Des mesures ancrées à droite
On aurait pu attendre du Sénat qu’il nettoie la loi de tout le fatras nationaliste qui a tant occupé l’Assemblée pendant les premiers jours du débat. Il n’en est rien. Le Sénat s’est juste attaché à réduire les coûts. Ainsi il n’y aura plus « présence » des drapeaux français et européen dans chaque salle de classe. Une simple affiche remplacera les drapeaux pour « réduire les coûts » (amendement 2). Chaque salle de classe n’aura pas à afficher une carte , « une dépense coûteuse » pour J Grosperrin (n°172). Un amendement socialiste avait demandé la suppression des drapeaux, il est écarté.
Plus significative est la suppression de la mention « parent 1 parent 2 », tendant à adapter les formulaires à tous les couples, prévue par les amendements Brisson (18) et Mélot (indépendante) (50).
L’amendement de Mme Blondin (PS) prévoyant de lutter contre la discrimination dont sont victimes les enfants étrangers pour l’accès à l’école (n°177) a été aussi rejeté. Max Brisson a fait adopter aussi un amendement (n°11) supprimant la procédure d’inscription d’urgence sur la liste scolaire prévue par la loi, procédure visant à lutter contre cette même discrimination.

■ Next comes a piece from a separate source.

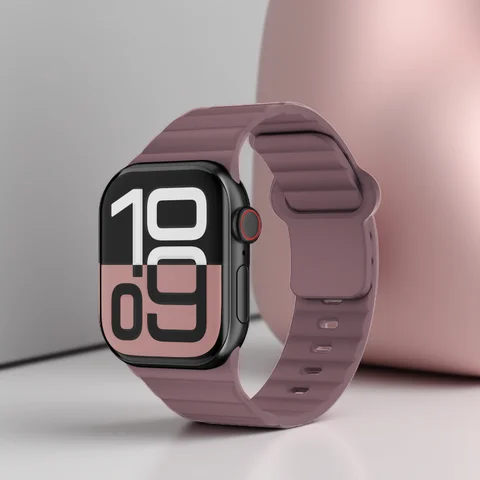 Apple Watch Sport Strap Sport Silicone Strap for Apple Watch Bands 44mm 40mm 46mm 49mm 45mm Correas Bracelet iWatch Ultra 4 2 3 Series 11 10 9 8 7 SE 12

La commission a aussi écarté la création d’un numéro d’identification des enfants permettant de lutter contre la non scolarisation.
Elle a adopté un amendement de Philippe Mouiller (LR) (n°123) visant à limiter l’aide personnelle aux enfants handicapés. Un amendement de M Blondin (n°269) visant à supprimer les PIAL a été rejeté.

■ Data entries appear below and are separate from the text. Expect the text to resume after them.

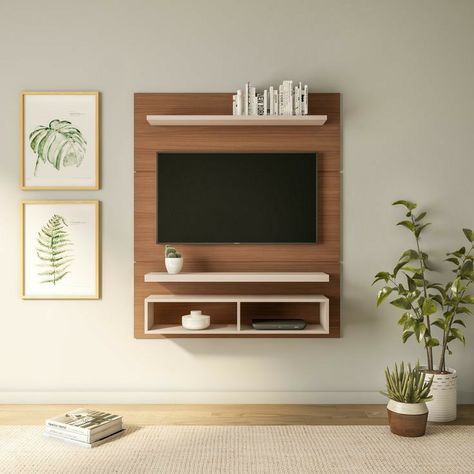 Simple Tv Unit Design, Bedroom Tv Unit Design, Small Tv Unit, Modern Tv Unit Designs, Bedroom Tv Wall, Tv Unit Design Modern, Simple Tv, Tv Unit Furniture Design, Tv Unit Decor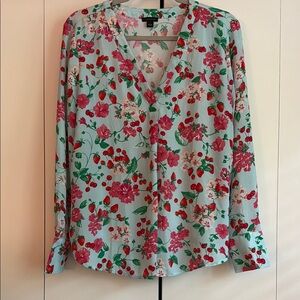 Ann Taylor Sweetest Berry Top, small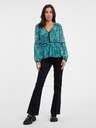 Orsay Turkizna ženska vzorčasta bluza ORSAY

La commission n’a pas touché aux EPLEI, ces établissements d’élite créés par la loi Blanquer. Elle a par contre écarté un amendement de M Grand (LR) demandant qu’il y ait un quota d’élèves venant de l’éducation prioritaire. Les EPLEI recruteront dès le primaire les élèves sur la base de leur niveau en langue étrangère, un critère très sélectif socialement.
Le CNESCO supprimé
On aurait pu attendre du Sénat, qui y était représenté, un soutien au Cnesco. Un amendement Lepage (PS) et un autre du sénateur LR Karoutchi demandait la suppression du Conseil d’évaluation de l’école créé par la loi Blanquer et donc le maintien du Cnesco. Ils ont été écartés par la commission. Un amendement de M Brisson (205) modifie la composition du CEE » afin de réduire la dépendance de ses membres vis-à-vis du ministre chargé de l’éducation nationale et, plus largement, du Gouvernement ». Mais dans sa nouvelle composition, le parti au pouvoir nomme encore la grande majorité de ses membres.

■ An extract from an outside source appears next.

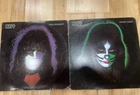 1970s Kiss -LP, Lot Of 2 Paul Stanley, Peter Criss Vintage Heavily Used As Is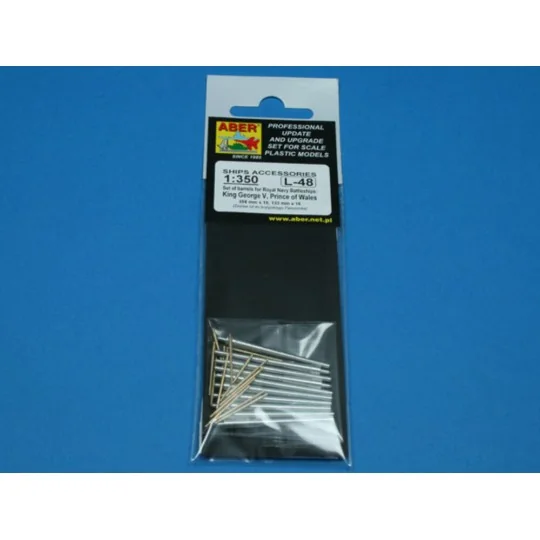 Barrels for King George V, 1/350 - Aber Models RE-350 L48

Quel avenir pour le texte ?
Sur les points qui concernent le métier enseignant, le Sénat n’aura aucun mal à trouver un compromis avec le gouvernement. Dans ses ouvrages, JM Blanquer a défendu les mêmes propositions. Dans les cas concrets de discrimination pur l’inscription scolaire, il s’est bien gardé d’intervenir, comme on l’a vu dans le scandale de Chilly Mazarin en octobre 2018, alors même que la majorité venait de faire adopter une loi proposée par la député LREM AC Lang, la future rapporteure de la loi Blanquer à l’Assemblée…
Les points d’opposition portent sur l’EPSF, la prise en charge financière des maternelles privées et la réforme territoriale. Le rapporteur de la loi devant la Commission semblait confiant dans un compromis. Dans cette perspective la loi pourrait entrer en application très rapidement, peut-être à la rentrée. La seule inconnue c’est la mobilisation montante chez les enseignants, particulièrement dans le primaire, que le Sénat a choisi d’ignorer. La loi sera examinée par le Sénat du 14 au 16 mai.